It seems necessary to say at the outset that I find the English novel a problematic entity, difficult to be properly sensible about. The language now is so much larger than the culture, and somewhere between them is the literature: the sphere of influence–that sense of being at the centre–seems always to be shrinking. It shrinks but, importantly, hardly disappears: it is not a new centre but new centres which emerge. Wells saw this, and in the War of the Worlds, the martians, in a brilliant depiction of our smug, arrogant provincialism, do not invade London; they invade the home countries. And although Wells wanted his readers to see themselves dwarfed by this interplanetary point-of-view, colonized, naturally he also felt that suburban life in the home countries was the cosy plateau of human achievement. You were, there, at the centre of things, even for a hungry martian.
English writers are potentially experts in some of the great formal problems of contemporary fiction: the problem of removing yourself from, or confessing yourself at, the centre; the problem of the microcosm that no longer necessarily implies a macrocosm, but proclaims its own marginality. I say ‘potentially’, because adopting the alien viewpoint, seeing yourself in the long perspective, goes against the grain (Wells doesn’t strike one as a fair example). John Fowles in The French Lieutenant’s Woman identified the capacity to stand outside as one of Hardy’s most prophetic achievements: in pasticheing his famous narrative awkwardness (‘a person of curiosity could at once have deduced several strong probabilities about…’). Fowles was claiming kin, and acknowledging that a contemporary English novelist is standing on an island that has something uncomfortably in common with Wessex.
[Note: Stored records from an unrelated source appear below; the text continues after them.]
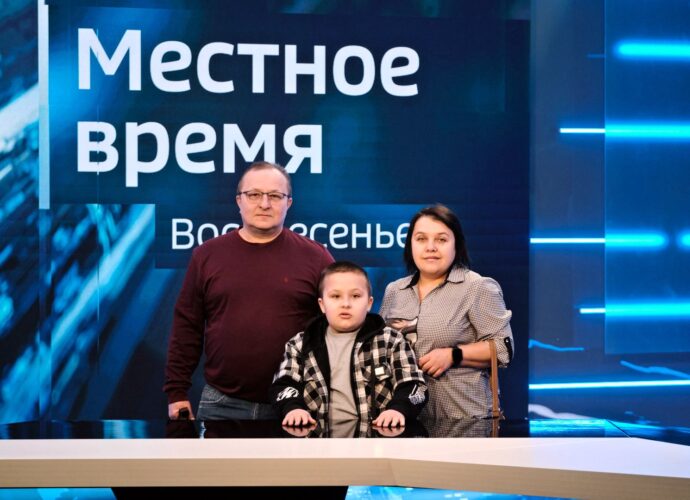 11-летний Илья Куприянов с родителями в телевизионной студии тульских «Вестей»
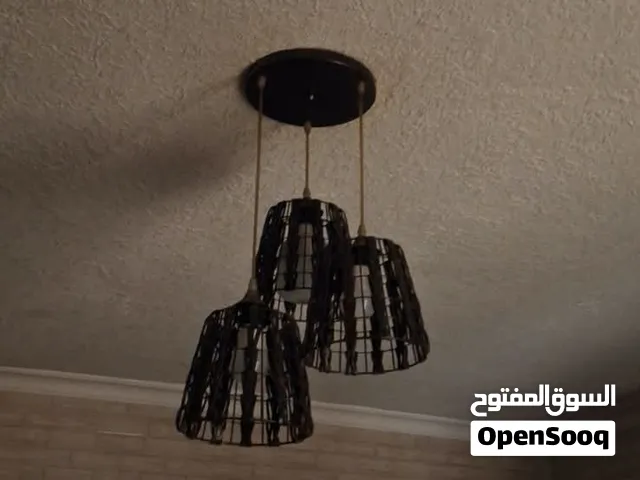 ثريات للسقف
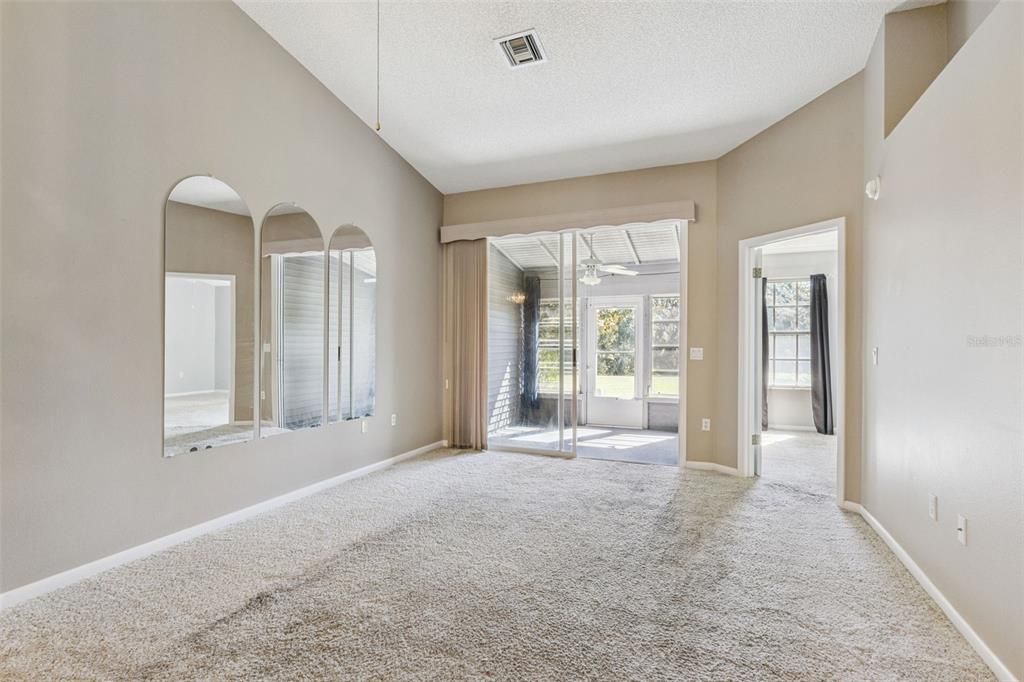 For Sale: $189,900 (2 beds, 2 baths, 1120 Square Feet)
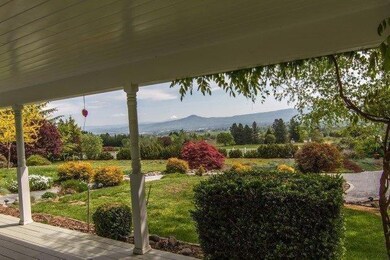 969 Old Stage Rd, Central Point, OR 97502 - photo 7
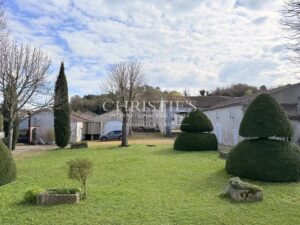 Former Cognac distillery in the heart of a charming village surrounded by vineyards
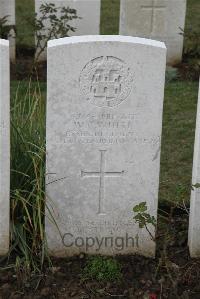 Premont British Cemetery - White, William Charles
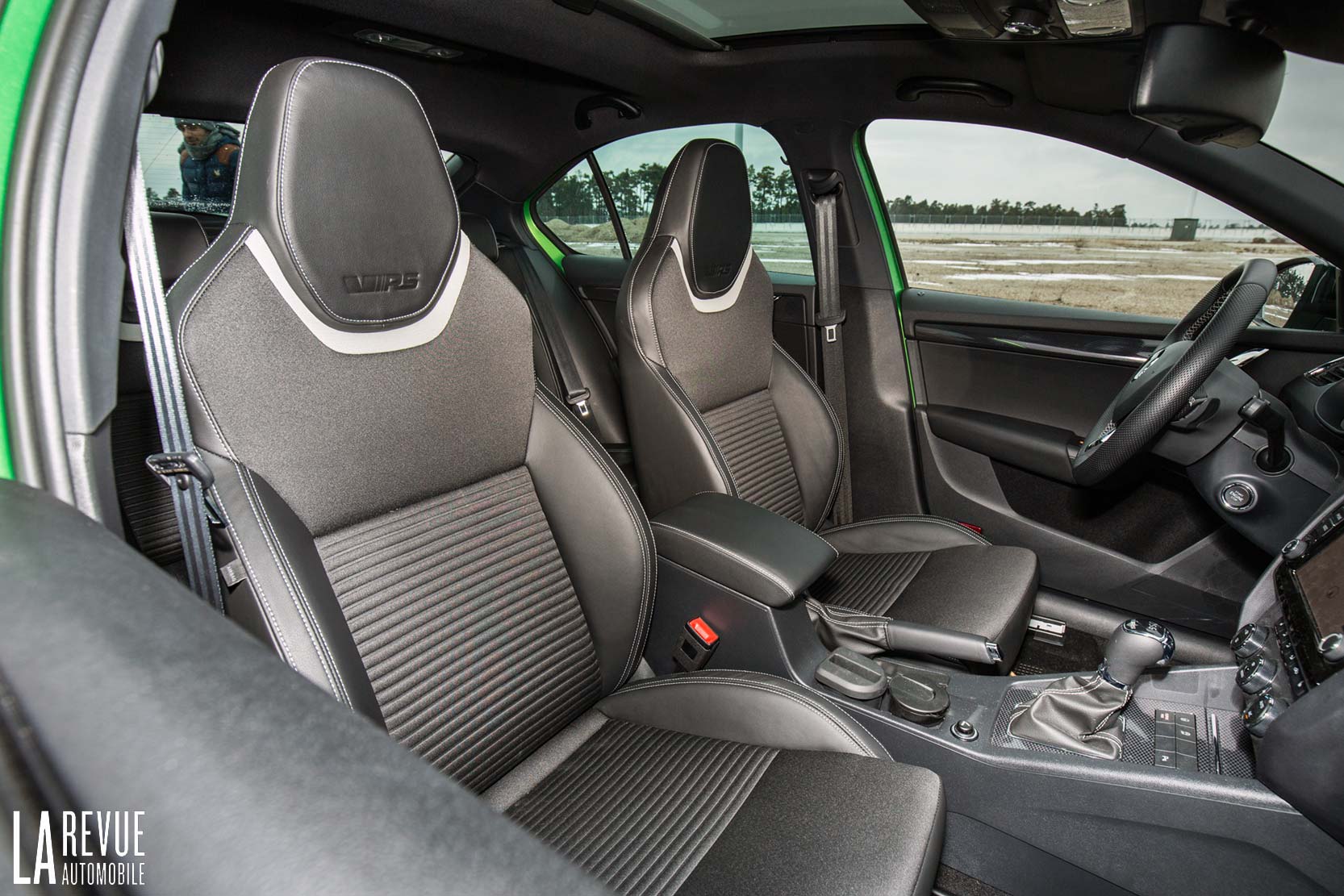 Interieur_Skoda-Octavia-RS-TDI-4x4_53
Explicitness on the matter, however, is still uncharacteristic. John Bayley in his Essay on Hardy, in defence of the implicit, found The French Lieutenant’s Woman vulgar and exploitative. This isn’t as much of a digression as it may seem: Iris Murdoch, married to Professor Bayley, remains the grandest and most teasing exemplar of continuity with what for brevity’s sake I’ll call the pre-martian past. She is an awesome shamateur, who uses or abuses or ignores the prestigious techniques of alienation (Beckett and Queneau were amongst her early mentors) with a gusto and fine carelessness that make self-doubt seem small minded. Worries about ‘where next’ recede when you produce a novel (almost) every year; her answer to such questions is as triumphantly and infuriatingly pragmatic as Dr Johnson kicking his famously unphilosophic stone, and indeed the inventiveness of her fiction and its deliberate impurity are buttressed by her conviction–reiterated in her book on Plato, The Fire and the Sun–that art is at best second-best. She is, as I want to argue English writers have tended to become, an allegorizer, a speculator, deeply aware of the bad faith involved in seeing yourself at the centre of things. But her fantasy monsters (The Sea, The Sea), her UFOs (The Nice and the Good), her aliens (Luca in The Sacred and Profane Love Machine) are never allowed to take over. She may, in the Plato book, contemplate almost enviously cultures that eschew complex and illusionist fictions, but she shamelessly relishes not belonging to one. Her doubts serve her: that her characters are all sustaining a more-or-less theatrical sense of their own importance must seem to her, I think, merely ‘natural’, the result of being cumbered with the particular set and wardrobe they were born into.